Buy whatever's fastest if you can afford it. Even if your camera doesn't
benefit from the faster memory card, you might benefit in faster
download speed if you put the card in a card reader.
 
Joey said:
If I get a modern super-compact digital camera such as a mid-range Canon
IXUS (US: Canon Powershot) for general use then ...

... what minimum speed of SD memory should I get to avoid delays?

I see "x133" mentioned a lot on memory adverts. Is x133 fast, slow,
just right for the sort of camera I am thing of?
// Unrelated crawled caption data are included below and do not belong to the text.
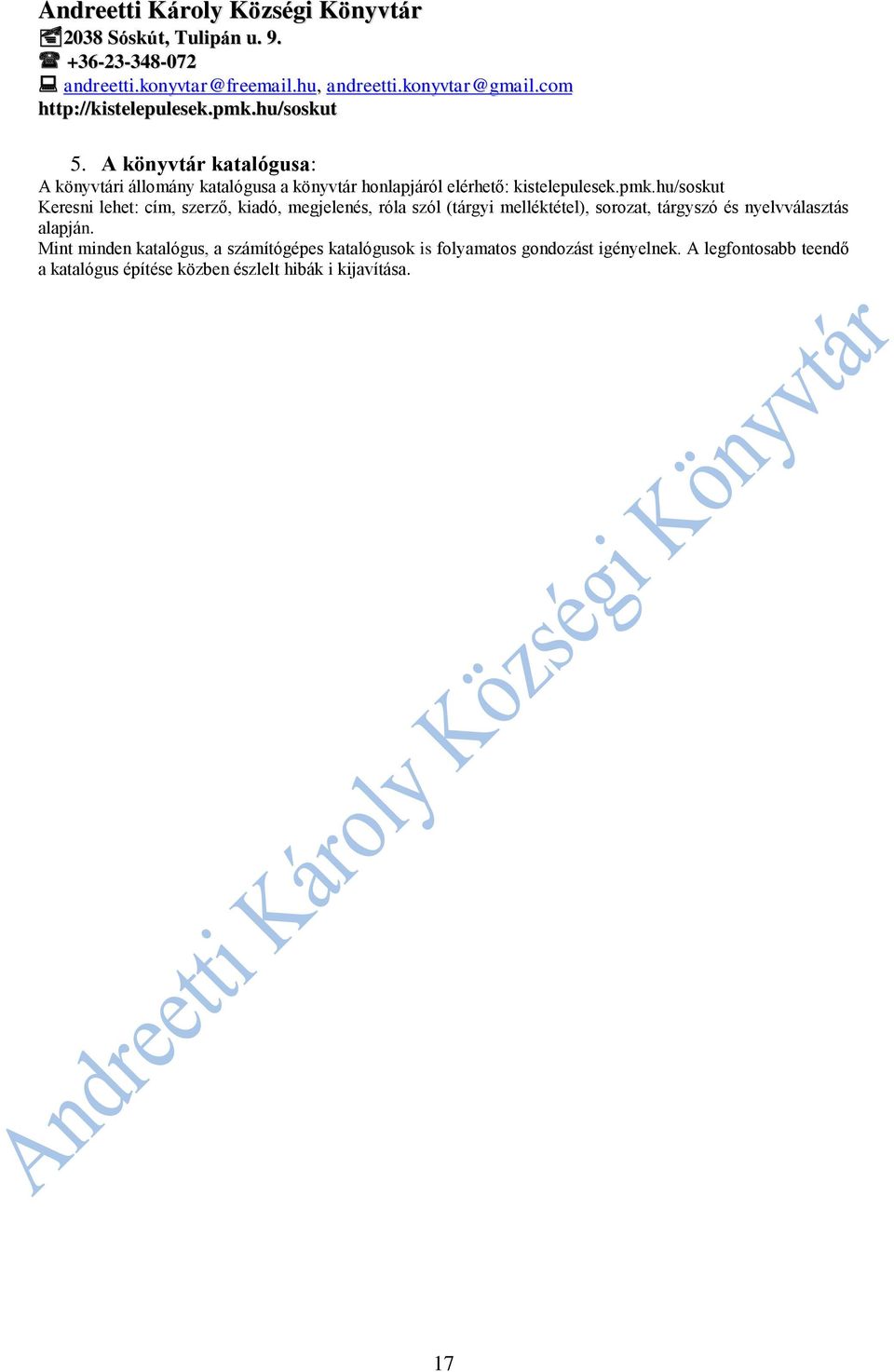 hu/soskut Keresni lehet: cím, szerző, kiadó, megjelenés, róla szól (tárgyi melléktétel), sorozat,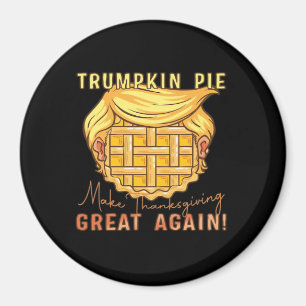 Trumpkin Pie Make Thanksgiving Great Again!! Class Magnet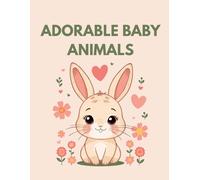 Adorable Baby Animals: A Cute Colouring Book for Kids Ages 4-8: 50 Simple and Kawaii Animal Designs for Toddlers and Children, Large 8.5" x 11" Format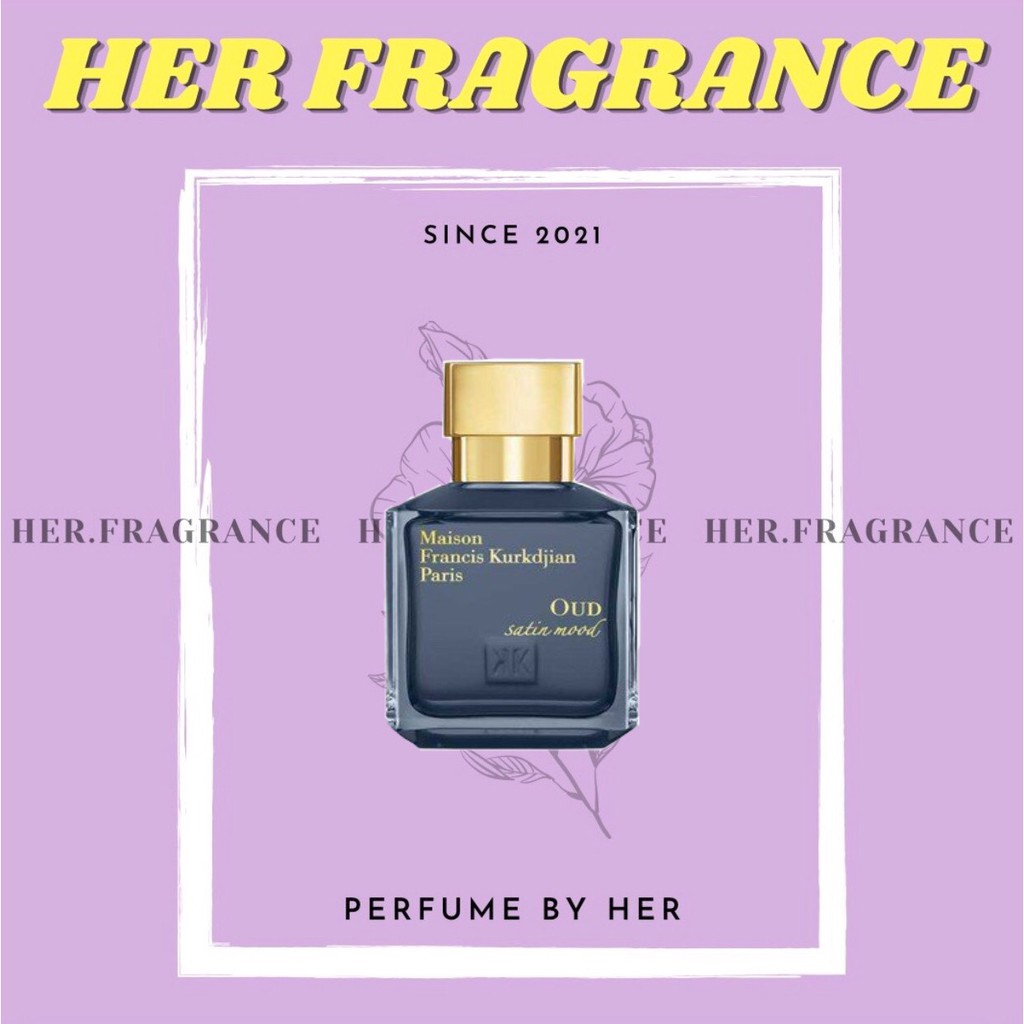 🐻 Mẫu thử nước hoa Oud Satin Mood EDP Maison Francis Kurkdjian 5ml/10ml/20ml - 𝐇𝐞𝐫 𝐅𝐫𝐚𝐠𝐫𝐚𝐧𝐜𝐞 -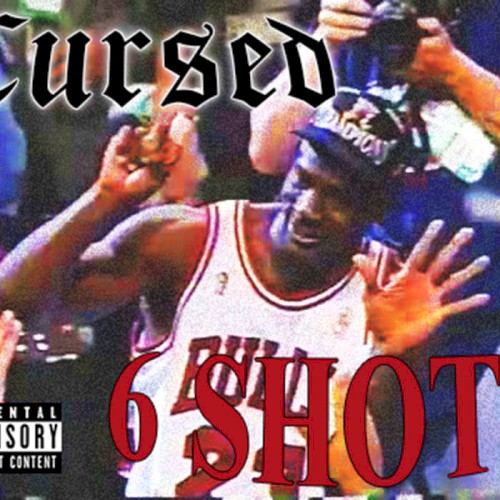 6 SHOTS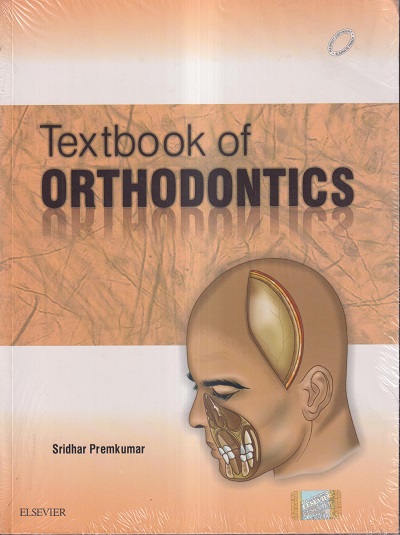 TEXTBOOK OF ORTHODONTICS | SRIDHAR PREMKUMAR | ELSEVIER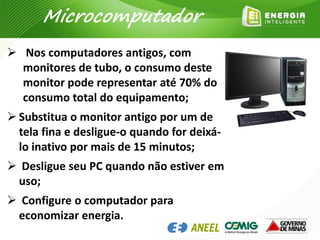  Nos computadores antigos, com
monitores de tubo, o consumo deste
monitor pode representar até 70% do
consumo total do equipamento;
 Substitua o monitor antigo por um de
tela fina e desligue-o quando for deixá-
lo inativo por mais de 15 minutos;
 Desligue seu PC quando não estiver em
uso;
 Configure o computador para
economizar energia.
Microcomputador
 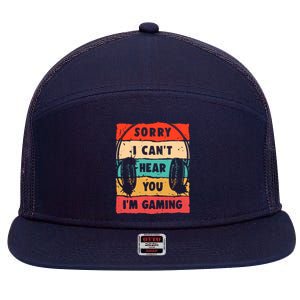 Funny Gamer Sorry I Can't Hear You I'm Gaming 7 Panel Mesh Trucker Snapback Hat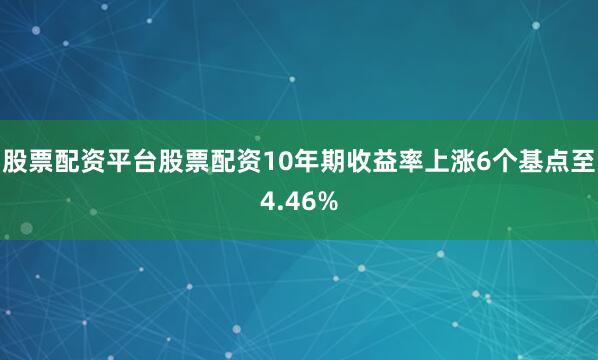 股票配资平台股票配资10年期收益率上涨6个基点至4.46%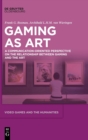Image for Video games as art  : a communication-oriented perspective on the relationship between gaming and the art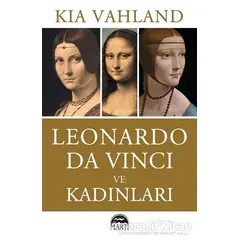 Leonardo Da Vinci ve Kadınları - Kia Vahland - Martı Yayınları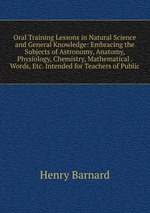 Oral Training Lessons in Natural Science and General Knowledge: Embracing the Subjects of Astronomy, Anatomy, Physiology, Chemistry, Mathematical . Words, Etc. Intended for Teachers of Public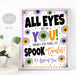 Halloween Appreciation Sign, All eyes are on you Thanks for Being Spooktacular! Nurse Teacher Staff Employee School Pto Pta INSTANT DOWNLOAD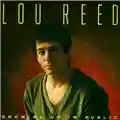 Lou Reed Growing Up in Public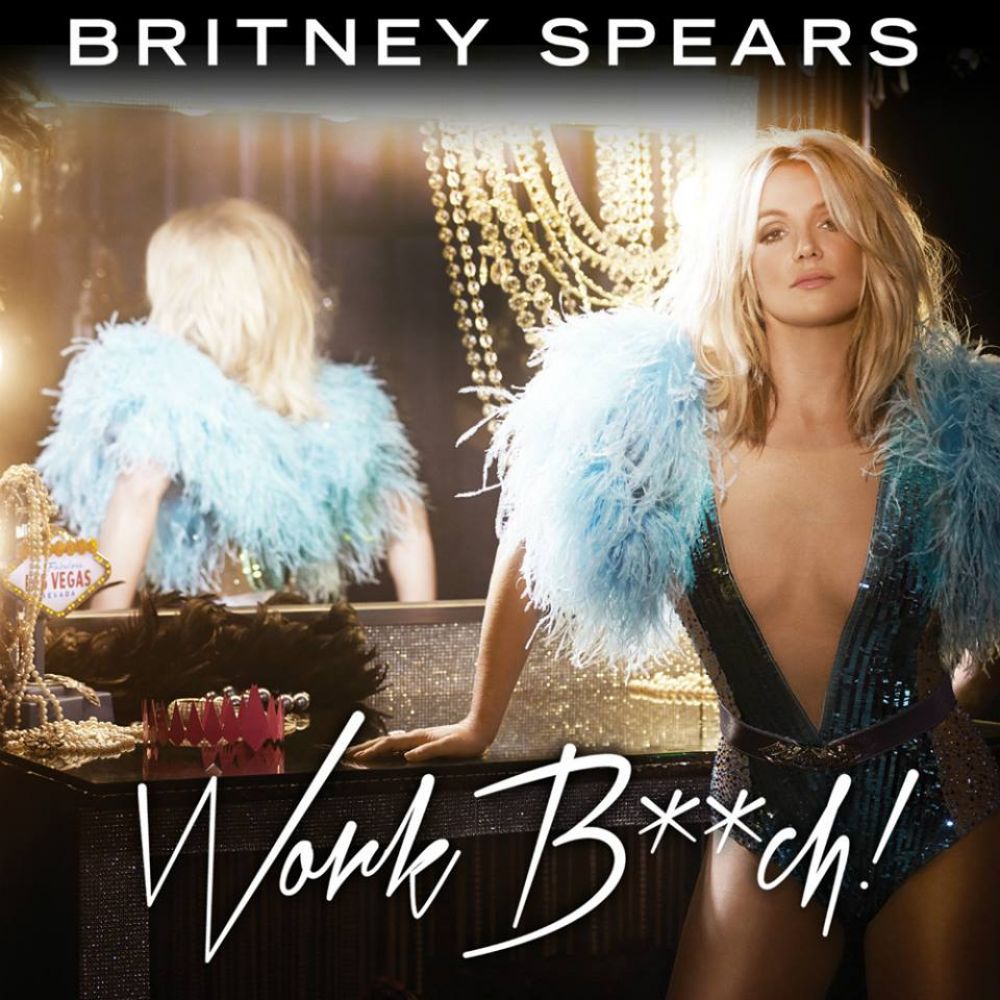 Britney Spears – Work B**ch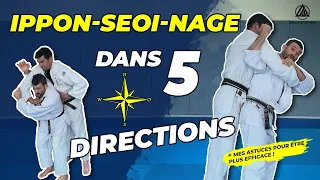 Ippon-Seoi-Nage - Apprenez à adapter votre technique selon 5 déplacements d'UKE (5 directions)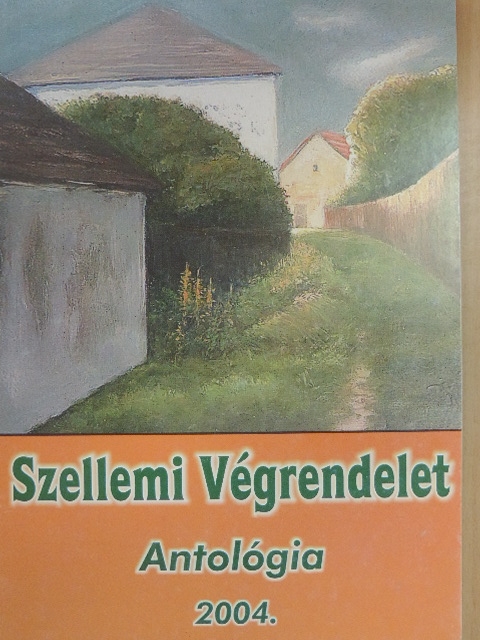 Abonyi Bodor Pál - Szellemi Végrendelet [antikvár]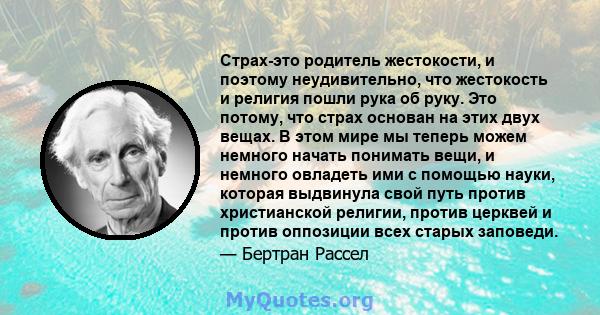 Страх-это родитель жестокости, и поэтому неудивительно, что жестокость и религия пошли рука об руку. Это потому, что страх основан на этих двух вещах. В этом мире мы теперь можем немного начать понимать вещи, и немного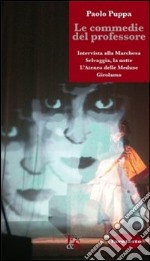 Le commedie del professore: «Intervista alla marchesa»-«Selvaggia, la notte»-«L'Ateneo delle meduse»-«Girolamo» libro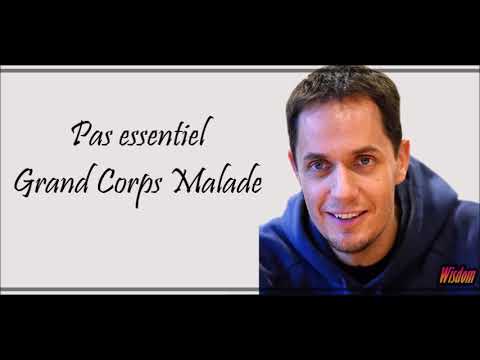 Grand Corps Malade - Pas essentiel (Lyrics/Paroles)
I would probably get 1GB or 2 GB from this store:
http://www.jacobsdigital.co.uk/index.php?thequery=sd+memory
Probably the 133x speed is much faster than the camera will handle. The
problem is that camera manufacturers don't publish their read/write
speeds, if, indeed, they even measure them. I am sure that the 133x
would be faster than ANY non-DSLR, and probably faster than most DSLR
cameras can read/write. You would still gain some speed when
transferring to the computer, if you use either USB 2.0 Hi-Speed, or
Firewire interfaces, however.
 
GT said:
x133 is medium to fast. However, how many shots can the camera take in a
second? If you were looking at an SLR with 2 or more frames per second, then
memory speed starts to become an issue, but if the camera can only shoot 1
frame per second, then memory speed doesn't really matter.
My camera, an older Kodak DX6440 can do 6 frame bursts, in 2.5 seconds.
After that, it requires several seconds to dump that data to the card
as the internal buffer memory is filled. I can see no difference in the
rate at which it writes to a 40x card, and faster ones. That means I
can't take more than 6 pictures in something like 30 seconds, which is a
limitation I have felt only once in the time I have had the camera, so I
don't consider it critical. YMMV.
 
GT said:
133x is around 20MB/s write speed.

Surely the limiting factor in the transfer from camera buffer to storage RAM
will be the RAM speed - I would be very disappointed in a new camera if the
buses couldn't handle something faster than 20MB/s. I would expect the
theoretical bus speed to be many times that - maybe even 50 times faster
than that!!
NOT. At least not in practice. Camera processors aren't built to be
the fastest processors, but to do a specific job, with minimal power
drain. The don't come close to the speeds of modern desktop machines
with fast dynamic RAM.
 
GT said:
But the camera is made up of these components and the performance of the
camera WILL be as slow as the slowest component. Basically, there is the
image processor, the bus and the flash storage. The image processor can
internally process the image much faster than a flash card can read/write
it. And the bus can handle data transfer at rates many times faster than any
flash card.


My EOS can take 3 frames per second until the buffer is full. In 8Mpixels,
high JPEG mode, it shoots about 14 shots until it has to sit and wait for
the memory card to catch up - you can watch the access light to see this. In
RAW mode, this delay is more obvious. So the image processor and bus are not
the bottlenecks - the card is!

I 'expect' that a compact digital camera will be slightly slower at
processing images, but it is still a dedicated chip and will process images
much faster than any memory card can transfer them.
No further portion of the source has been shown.